Lennox Lewis needed a tetanus jab after throwing a right hand at Mike Tyson when he had been bitten on the thigh and Riddick Bowe picked shards out of his clothes after the Cuban Jorge Luis Gonzalez threw a glass at him. In Britain, David Haye, Dereck Chisora and Tony Bellew are multiple and enjoyable transgressors.
During the last two months there has been nothing but love, respect and handshakes between Wladimir Klitschko and Anthony Joshua; it has worked because 90,000 tickets for their April fight have sold and nobody has been cautioned about language, picking up a table or making specific physical threats.
However, there needs to be a bit more anger to show everybody that this is not a retirement party for Big Wlad and an easy night for Big Josh. There needs to be a bit of needle, something in the eyes to show everybody that far beyond the smiles and sincerity lurks a very dangerous night in the ring. Heavyweights, remember, never have to worry about starvation, which often leads to boxers losing their minds in the days before a fight as they shrink their body to an unnatural weight.
A few years ago when Ricky Hatton and Floyd Mayweather shared a jet and went on a tour that included several cities, before ending in Manchester, it was easy to see the hate. They nodded in front of the cameras, smiled a plastic version of a smile and then cleaned their hands in private after shaking so many times.
"I just want to go home and get clean," said Hatton after the final stop. There is no sense of animosity when Klitschko and Joshua come together and in many ways it is fights like this, fights like Hatton and Mayweather, where the dislike belongs. There is time.
Klitschko has been hospitable to just about every man he has beaten and has talked beautifully about it being sport, not personal to him. "I'm here to win a contest, not talk about stupid things," Klitschko said before giving David Haye a lesson. He said similar things before the Tyson Fury fight in November, 2015, which was his last fight.
In the months, weeks, days and hours before both Haye and Fury there was something different about Klitschko. He was angry, on edge and that is missing so far from the build-up to Joshua. Does he know something? Did he really solve Joshua when they sparred together?
It looks and feels like Klitschko is confident. So confident that he is going through the polite rituals without a care in the world and then dashing back to his closed-door preparation. Klitschko has praised Joshua since 2015, talking about the young British fighter's willingness to learn and the dignified way he carries himself away from the ring.
"He is the future champion, a fighter that understands what it means to be champion," said Klitschko before the Fury fight. He has never been impressed with the lazy talk, the swearing and the bold claims by most of the men that have fought him. The Fury defeat hurt far more than his previous three stoppage losses because he could never explain it. Klitschko knows that Joshua will not win on points and he acts like he believes a stoppage is unlikely.

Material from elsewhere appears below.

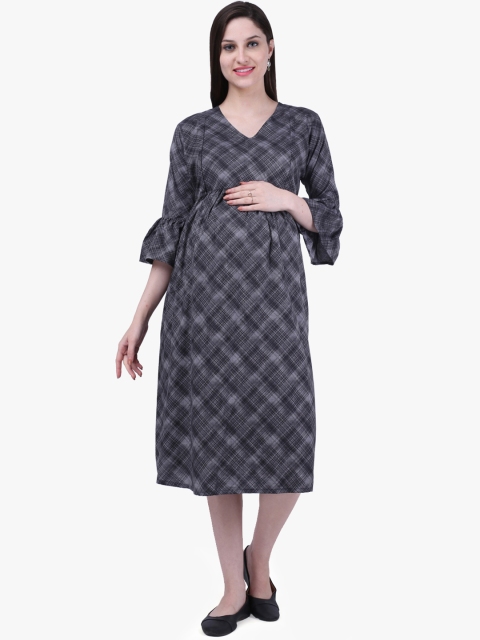 

MomToBe Women Grey Checked Maternity Empire Dress
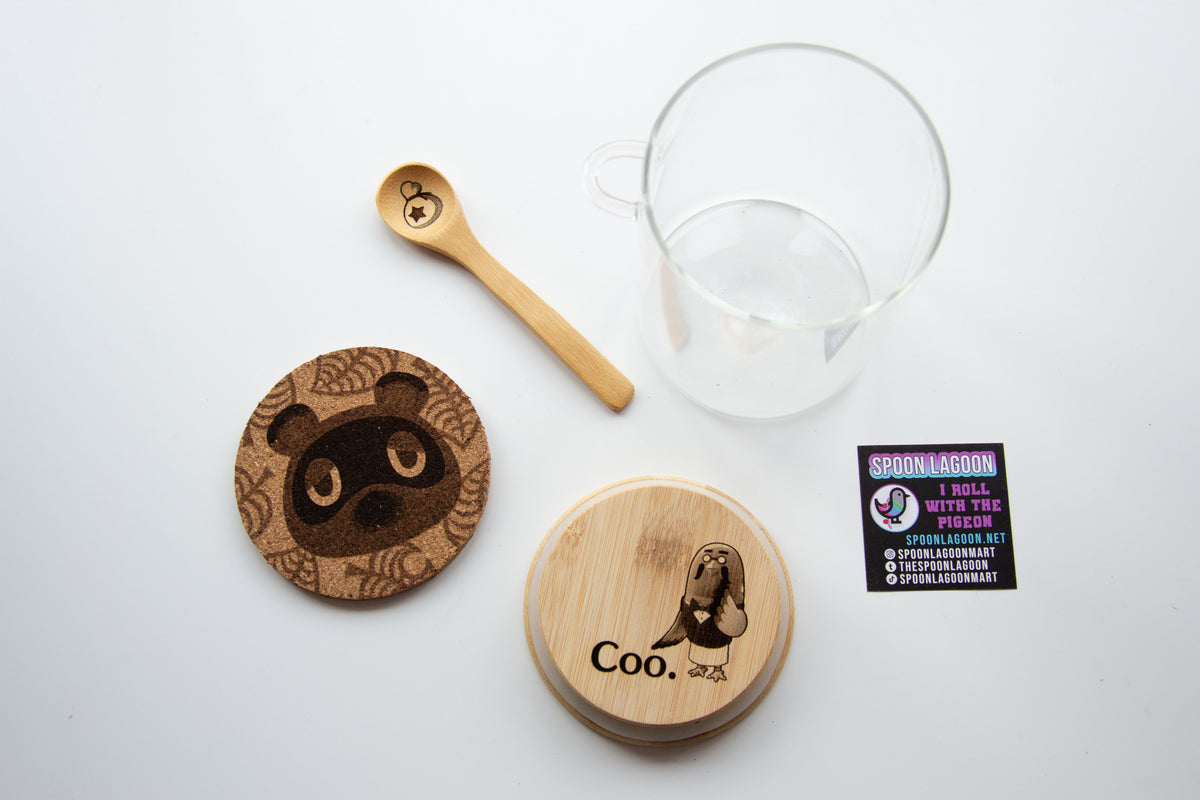 Animal Crossing "The Roost" - Coffee Storage Jar - Glass & Bamboo w/ spoon - Brewsters Coffee Shop New Horizons Gift Nintendo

In November, 2015, Fury and his people did upset Klitschko and that was a factor in the fantastic boxing lesson that took place in the ring. Haye had done the same, make no mistake, in his build-up, but once the first bell went it was obvious that he was physically inferior; Klitschko will never lose to a man that fights like he wants to lose. He will also, in his mind, never struggle in a fight against a novice.
There is an expression in boxing when a veteran has beaten a younger man: "He was old-manned out of the fight," people say and I keep thinking of that when I see Klitschko and Joshua together. Too many boxers have underestimated Klitschko's reach, speed and power for too long -- I hope Joshua has not underestimated the Ukrainian's intentions because they are bad.
It has been muted, a bit dull and safe, but inside, the pair of them are hopefully plotting the vicious downfall of the man in the opposite corner. It would be nice to just get a sense of the intended action, just a sign would be good and it might just make Joshua aware that Klitschko is not a kindly uncle; he is actually a very brutal, spiteful and nasty man in the ring.